コンピュータシミュレーションしてみる(1万回母集団から標本を抽出した結果は図表5.2→標本比率は母比率のとてもよい推定値を与えていることがわかる)
標本分布は現実世界で実際に観測されることはない(何回何回も調査しない)。しかし、標本分布は、点推定値を特徴づけ、意味づけするのに役立つ
5.1.3 中心極限定理
中心極限定理
観測値は独立で、標本サイズが十分に大きいとき、標本比率は次の平均と標本誤差の正規分布に従う傾向がある(p180)

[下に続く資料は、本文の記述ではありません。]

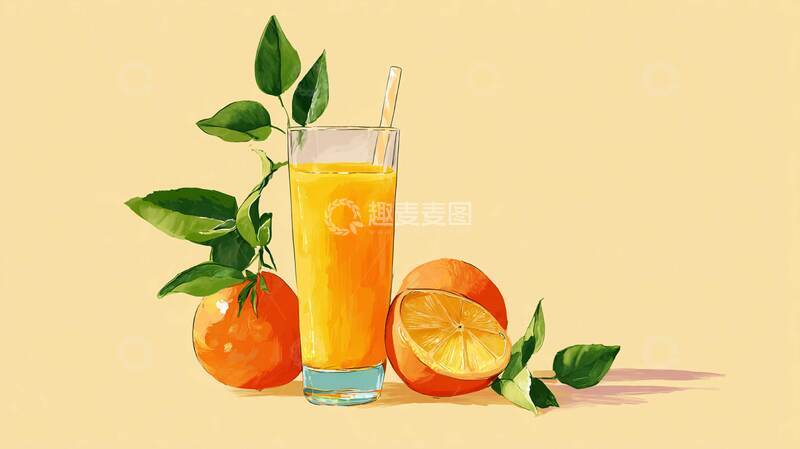 高清大图下载【趣麦麦图】橙汁   酸甜    怡人 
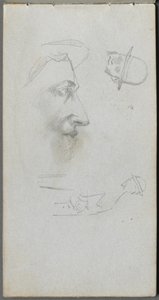 Skizzenbuch, Seite 14: Figuren von Ernest Meissonier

成功・失敗条件:中心極限定理が成立するためには、標本サイズはnp≧10かつn(1-p)≧10が成り立つように通常は十分大きい必要がある
中心極限定理は非常に重要で、多くの統計学の基礎となっている
中心極限定理の技術的な2つの条件:独立性と成功・失敗条件
独立性
例)実験における処置群への無作為割り当て
例)観測値が単純無作為抽出標本からなっている
成功・失敗条件
標本が母集団の10%より大きくないとき、母集団からの標本にはときどき条件が追加されるが、これは任意として考えてよいのでは(そのままだと標本誤差を若干過大推計する傾向があるが、問題になることは非常に稀)
5.1.4 中心極限定理の現実への応用
成功・失敗条件の数式で母比率を使っているが、母比率は全数調査をしない限り知りえない→次善の策として標本比率を使うことばしばしばある(代入原理、plug-in principle)
5.1.5 中心極限定理のより詳細
成功・失敗条件が成立しない場合の例
5.1.6 他の統計量の枠組みの拡張
パラメータを推定するために標本統計量を用いる戦略はごく一般的で、比率以外にも他の統計量にも応用できる
例)ある特定の大学の卒業生の平均給与の推計
例)2つのウェブサイト間の製品価格の違いの推計
5.2 比率の信頼区間
標本比率は完全ではなく、それに関連するいくらかの標準誤差がある
母比率の推定値について述べるとき、点推定の値だけを与える代わりにもっともらしい値の区間を提供することがよりよい実践になる
5.2.1 母集団のパラメータの捕捉
信頼区間:母集団のパラメータを見つけられそうなもっともらしい値の区間を表す
点推定:魚にもりを投げる
信頼区間:網で魚を捕る
5.2.2 95%信頼区間の構築
標本比率は母比率の一番もっともらしい値であることから、点推定値の周りに信頼区間を設定する
標準誤差SEは信頼区間をどのくらい広くすべきかの目安を与えてくれる
標準誤差=点推定値の標準偏差(母比率とサンプルサイズから計算できる)
95%信頼区間:標本比率から1.96標準誤差の範囲に広がる信頼区間(点推定値の周りに構築するもの)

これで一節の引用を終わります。